Countplot Workout
- 01:57
Practice using Seaborn's countplot function to visualize the distribution of companies across different sectors in a dataset.
Downloads
No associated resources to download.
Glossary
Countplot Machine Learning PythonTranscript
Use the countplot function from Seaborn to look at the number of companies in each sector in the stock data dataset.
Here I start by calling my seaborn package with SNS, the alias that I used for seaborn. Then the countplot function, and then I'm using this Y argument to indicate the feature that I want to count by. And then I'm telling Python that my data is coming from the stock data dataframe. Finally, I'm calling the pie plot module within the matplotlib package, and I'm using the show function in pyplot to display my visual. When I execute that cell, I now can see a count of all of the companies in each of these different classes in the sector feature. And this is another useful way to find errors in your data set. For example, you can see that we have the correct industrials class right here, and we know it's correct because there's a large account. There are several observations. It looks like eight observations with an industrials sector.

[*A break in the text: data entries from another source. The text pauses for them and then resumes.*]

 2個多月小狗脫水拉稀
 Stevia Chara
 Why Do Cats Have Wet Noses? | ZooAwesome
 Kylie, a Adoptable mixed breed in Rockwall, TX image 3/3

We have this error, this typo industrials with the dollar sign at the end. But here's one that we might not have seen otherwise. This one looks like it's spelled correctly, but for some reason there's only one observation, and it's not in the same bucket as this class with eight observations. When we look more closely, we'll find that this industrials is actually using a cap or a lowercase L instead of a capital I. Just looking at the unique values that might not be as as obvious, but when you look at the count and you see that there's only one observation, these types of errors can pop out a little bit more easily. So the countplot is a nice function for getting to know your data, and it's especially nice for finding errors in your dataset so that you're not passing erroneous data into your machine learning algorithm down the road.